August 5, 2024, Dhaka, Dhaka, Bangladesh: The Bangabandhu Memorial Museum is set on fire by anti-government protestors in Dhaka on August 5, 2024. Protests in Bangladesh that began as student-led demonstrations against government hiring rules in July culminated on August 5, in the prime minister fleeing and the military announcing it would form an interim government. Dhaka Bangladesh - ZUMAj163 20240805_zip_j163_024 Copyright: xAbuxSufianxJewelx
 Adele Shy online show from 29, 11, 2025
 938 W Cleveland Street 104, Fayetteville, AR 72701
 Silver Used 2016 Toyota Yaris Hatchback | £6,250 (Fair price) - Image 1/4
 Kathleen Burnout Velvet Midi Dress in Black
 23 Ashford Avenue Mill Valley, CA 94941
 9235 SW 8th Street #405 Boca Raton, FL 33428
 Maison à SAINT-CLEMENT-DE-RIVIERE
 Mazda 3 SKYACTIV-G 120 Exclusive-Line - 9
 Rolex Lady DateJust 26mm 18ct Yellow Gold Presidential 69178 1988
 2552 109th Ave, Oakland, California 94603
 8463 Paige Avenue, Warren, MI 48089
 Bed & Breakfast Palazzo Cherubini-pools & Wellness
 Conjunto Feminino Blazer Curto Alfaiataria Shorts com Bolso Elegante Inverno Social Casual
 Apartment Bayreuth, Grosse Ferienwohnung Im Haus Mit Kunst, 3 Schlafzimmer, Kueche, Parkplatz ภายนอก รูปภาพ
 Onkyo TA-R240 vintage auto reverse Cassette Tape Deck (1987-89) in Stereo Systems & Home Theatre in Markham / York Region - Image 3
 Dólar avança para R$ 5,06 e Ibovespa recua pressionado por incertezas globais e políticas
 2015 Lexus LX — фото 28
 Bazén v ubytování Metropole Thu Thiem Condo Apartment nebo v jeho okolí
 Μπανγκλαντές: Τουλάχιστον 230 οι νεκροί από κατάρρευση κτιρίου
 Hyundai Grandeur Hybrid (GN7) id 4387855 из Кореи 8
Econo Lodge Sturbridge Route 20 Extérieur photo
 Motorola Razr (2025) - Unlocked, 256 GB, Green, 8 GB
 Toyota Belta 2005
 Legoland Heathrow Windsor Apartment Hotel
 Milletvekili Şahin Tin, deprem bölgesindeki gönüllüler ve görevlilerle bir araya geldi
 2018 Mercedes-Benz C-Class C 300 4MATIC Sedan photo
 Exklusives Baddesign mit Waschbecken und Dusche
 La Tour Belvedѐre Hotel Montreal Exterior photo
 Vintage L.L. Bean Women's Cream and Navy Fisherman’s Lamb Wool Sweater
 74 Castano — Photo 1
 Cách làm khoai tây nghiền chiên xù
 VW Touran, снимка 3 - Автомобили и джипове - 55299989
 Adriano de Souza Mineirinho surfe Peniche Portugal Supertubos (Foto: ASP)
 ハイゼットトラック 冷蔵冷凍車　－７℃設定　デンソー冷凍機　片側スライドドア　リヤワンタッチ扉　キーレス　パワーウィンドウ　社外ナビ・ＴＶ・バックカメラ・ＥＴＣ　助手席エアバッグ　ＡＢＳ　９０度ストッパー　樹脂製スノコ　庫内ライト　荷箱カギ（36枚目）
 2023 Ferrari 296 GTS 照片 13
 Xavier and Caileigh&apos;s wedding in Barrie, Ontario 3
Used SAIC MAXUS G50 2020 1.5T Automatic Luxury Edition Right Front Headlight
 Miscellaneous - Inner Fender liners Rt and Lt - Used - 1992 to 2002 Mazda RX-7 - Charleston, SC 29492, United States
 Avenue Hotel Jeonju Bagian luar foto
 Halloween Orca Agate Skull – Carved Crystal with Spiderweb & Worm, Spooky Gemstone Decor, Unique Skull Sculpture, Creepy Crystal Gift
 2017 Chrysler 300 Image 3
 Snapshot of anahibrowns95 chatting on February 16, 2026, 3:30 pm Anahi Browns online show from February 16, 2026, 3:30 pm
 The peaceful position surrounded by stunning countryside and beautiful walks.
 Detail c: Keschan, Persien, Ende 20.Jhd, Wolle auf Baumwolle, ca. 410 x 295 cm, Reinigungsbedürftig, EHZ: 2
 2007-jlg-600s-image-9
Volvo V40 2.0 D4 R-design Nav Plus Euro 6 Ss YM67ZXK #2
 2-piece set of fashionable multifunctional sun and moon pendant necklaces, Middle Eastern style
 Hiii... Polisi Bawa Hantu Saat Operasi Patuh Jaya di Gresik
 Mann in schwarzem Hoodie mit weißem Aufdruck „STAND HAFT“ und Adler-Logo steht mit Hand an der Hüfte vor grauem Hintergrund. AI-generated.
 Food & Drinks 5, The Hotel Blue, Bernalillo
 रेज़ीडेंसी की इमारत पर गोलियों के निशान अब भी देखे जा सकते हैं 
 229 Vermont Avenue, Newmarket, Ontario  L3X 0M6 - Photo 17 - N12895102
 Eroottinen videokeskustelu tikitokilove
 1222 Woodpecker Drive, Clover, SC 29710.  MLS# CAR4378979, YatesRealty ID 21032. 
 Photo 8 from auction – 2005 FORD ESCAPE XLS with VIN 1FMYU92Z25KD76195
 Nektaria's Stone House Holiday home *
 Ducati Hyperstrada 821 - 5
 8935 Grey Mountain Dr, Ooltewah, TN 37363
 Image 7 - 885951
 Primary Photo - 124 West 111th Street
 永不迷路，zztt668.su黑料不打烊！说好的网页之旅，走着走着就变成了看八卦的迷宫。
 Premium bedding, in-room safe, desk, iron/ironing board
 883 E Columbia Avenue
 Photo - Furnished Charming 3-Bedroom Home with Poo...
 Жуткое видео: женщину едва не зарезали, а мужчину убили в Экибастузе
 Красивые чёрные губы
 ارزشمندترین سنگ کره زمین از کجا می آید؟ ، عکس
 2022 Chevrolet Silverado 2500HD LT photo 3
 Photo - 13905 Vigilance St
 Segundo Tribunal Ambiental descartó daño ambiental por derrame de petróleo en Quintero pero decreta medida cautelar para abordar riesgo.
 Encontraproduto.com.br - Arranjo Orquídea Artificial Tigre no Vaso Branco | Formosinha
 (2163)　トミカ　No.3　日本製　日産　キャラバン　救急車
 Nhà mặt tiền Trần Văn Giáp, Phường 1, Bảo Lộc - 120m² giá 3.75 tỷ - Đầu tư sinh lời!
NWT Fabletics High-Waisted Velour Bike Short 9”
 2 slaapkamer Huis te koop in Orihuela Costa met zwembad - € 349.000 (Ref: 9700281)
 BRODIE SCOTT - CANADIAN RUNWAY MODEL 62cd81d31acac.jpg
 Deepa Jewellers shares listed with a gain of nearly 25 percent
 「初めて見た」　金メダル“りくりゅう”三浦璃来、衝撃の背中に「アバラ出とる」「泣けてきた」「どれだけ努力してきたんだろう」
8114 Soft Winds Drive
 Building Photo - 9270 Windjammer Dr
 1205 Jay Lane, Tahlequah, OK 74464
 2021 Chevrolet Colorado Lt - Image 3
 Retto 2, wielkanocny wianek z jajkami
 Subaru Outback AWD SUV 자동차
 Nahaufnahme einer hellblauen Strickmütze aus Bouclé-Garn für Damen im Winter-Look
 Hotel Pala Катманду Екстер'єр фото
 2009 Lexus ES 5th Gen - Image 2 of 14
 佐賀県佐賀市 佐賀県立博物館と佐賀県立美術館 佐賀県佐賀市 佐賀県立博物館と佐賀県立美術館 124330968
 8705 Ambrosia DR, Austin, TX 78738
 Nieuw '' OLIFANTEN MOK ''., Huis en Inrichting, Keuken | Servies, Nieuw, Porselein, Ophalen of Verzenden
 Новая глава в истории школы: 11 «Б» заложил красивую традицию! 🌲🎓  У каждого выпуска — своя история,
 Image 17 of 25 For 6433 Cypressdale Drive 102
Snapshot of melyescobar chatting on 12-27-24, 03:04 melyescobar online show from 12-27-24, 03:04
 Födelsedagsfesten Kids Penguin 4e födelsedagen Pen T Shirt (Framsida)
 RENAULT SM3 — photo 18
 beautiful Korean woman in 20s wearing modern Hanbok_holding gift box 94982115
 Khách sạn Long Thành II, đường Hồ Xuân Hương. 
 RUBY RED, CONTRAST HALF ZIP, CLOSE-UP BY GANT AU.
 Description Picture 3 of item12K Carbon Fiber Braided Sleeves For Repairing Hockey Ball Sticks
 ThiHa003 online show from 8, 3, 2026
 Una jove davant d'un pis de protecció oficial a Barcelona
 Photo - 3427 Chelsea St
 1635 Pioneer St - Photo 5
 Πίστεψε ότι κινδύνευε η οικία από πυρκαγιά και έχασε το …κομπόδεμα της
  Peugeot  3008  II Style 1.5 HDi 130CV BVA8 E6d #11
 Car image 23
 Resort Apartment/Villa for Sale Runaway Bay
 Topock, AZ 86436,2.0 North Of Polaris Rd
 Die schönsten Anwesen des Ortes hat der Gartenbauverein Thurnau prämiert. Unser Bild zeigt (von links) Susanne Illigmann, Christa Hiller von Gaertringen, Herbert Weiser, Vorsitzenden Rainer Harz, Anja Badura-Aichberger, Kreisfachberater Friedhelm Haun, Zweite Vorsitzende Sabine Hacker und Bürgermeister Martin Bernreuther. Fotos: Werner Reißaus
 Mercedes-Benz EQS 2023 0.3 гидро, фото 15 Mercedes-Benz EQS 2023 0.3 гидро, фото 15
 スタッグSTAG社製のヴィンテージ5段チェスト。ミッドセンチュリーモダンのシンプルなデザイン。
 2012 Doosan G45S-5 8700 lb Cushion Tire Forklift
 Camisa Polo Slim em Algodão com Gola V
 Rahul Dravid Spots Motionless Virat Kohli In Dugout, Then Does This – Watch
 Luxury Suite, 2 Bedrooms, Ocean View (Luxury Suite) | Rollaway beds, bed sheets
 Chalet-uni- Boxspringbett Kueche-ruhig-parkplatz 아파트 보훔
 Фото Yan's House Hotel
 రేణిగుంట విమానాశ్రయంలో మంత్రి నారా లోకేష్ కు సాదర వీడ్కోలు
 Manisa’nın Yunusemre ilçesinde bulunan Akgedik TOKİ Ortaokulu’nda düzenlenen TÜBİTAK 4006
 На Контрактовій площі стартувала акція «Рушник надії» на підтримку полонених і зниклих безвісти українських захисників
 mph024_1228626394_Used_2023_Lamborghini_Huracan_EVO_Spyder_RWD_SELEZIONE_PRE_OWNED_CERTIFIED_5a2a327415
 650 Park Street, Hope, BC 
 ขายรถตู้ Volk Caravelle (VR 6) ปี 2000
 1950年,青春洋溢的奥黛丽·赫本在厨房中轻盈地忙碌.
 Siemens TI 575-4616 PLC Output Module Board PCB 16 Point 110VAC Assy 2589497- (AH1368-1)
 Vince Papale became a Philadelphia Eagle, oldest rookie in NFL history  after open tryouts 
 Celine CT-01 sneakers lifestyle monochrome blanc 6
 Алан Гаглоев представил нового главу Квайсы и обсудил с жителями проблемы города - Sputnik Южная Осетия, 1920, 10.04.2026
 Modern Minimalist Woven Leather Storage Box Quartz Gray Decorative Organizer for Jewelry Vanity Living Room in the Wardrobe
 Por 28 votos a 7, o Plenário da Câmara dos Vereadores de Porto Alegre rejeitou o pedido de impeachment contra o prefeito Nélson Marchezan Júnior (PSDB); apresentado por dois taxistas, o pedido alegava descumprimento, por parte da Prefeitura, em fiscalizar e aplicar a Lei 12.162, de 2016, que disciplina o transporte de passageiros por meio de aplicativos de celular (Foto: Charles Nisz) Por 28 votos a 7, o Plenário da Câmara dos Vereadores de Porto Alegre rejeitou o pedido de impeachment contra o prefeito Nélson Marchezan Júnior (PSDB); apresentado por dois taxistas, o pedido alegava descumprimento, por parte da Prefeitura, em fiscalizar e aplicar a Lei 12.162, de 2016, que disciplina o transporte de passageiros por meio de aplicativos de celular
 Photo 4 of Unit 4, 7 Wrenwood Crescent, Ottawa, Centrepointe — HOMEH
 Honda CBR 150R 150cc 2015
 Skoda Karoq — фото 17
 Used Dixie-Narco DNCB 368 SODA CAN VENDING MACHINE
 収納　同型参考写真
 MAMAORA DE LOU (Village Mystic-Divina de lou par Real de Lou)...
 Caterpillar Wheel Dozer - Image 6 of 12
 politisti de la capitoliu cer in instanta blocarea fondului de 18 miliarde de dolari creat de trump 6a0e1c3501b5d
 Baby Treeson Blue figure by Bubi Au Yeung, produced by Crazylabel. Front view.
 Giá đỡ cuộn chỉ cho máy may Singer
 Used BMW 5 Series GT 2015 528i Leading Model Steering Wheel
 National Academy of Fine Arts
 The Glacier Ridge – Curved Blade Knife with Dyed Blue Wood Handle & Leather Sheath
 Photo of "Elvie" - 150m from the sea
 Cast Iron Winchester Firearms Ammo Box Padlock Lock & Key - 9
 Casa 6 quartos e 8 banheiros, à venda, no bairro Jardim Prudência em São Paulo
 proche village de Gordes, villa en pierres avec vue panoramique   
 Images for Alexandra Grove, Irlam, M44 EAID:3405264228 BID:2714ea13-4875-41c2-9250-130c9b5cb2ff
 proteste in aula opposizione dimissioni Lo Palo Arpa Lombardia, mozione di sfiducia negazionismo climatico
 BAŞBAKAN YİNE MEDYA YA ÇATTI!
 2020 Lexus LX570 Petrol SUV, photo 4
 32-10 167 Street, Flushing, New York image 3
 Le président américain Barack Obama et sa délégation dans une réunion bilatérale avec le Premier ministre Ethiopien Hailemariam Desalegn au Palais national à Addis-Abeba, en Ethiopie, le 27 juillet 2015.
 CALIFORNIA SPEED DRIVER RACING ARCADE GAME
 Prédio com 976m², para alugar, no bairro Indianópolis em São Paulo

* WORK REQUEST
In the data above, which lines lie between the line with "The Glacier Ridge" and the line with "32-10 167 Street, Flushing, New York image 3", inclusive? Print those lines exactly and nothing else.

* RESULT OF THIS TASK
 The Glacier Ridge – Curved Blade Knife with Dyed Blue Wood Handle & Leather Sheath
 Photo of "Elvie" - 150m from the sea
 Cast Iron Winchester Firearms Ammo Box Padlock Lock & Key - 9
 Casa 6 quartos e 8 banheiros, à venda, no bairro Jardim Prudência em São Paulo
 proche village de Gordes, villa en pierres avec vue panoramique   
 Images for Alexandra Grove, Irlam, M44 EAID:3405264228 BID:2714ea13-4875-41c2-9250-130c9b5cb2ff
 proteste in aula opposizione dimissioni Lo Palo Arpa Lombardia, mozione di sfiducia negazionismo climatico
 BAŞBAKAN YİNE MEDYA YA ÇATTI!
 2020 Lexus LX570 Petrol SUV, photo 4
 32-10 167 Street, Flushing, New York image 3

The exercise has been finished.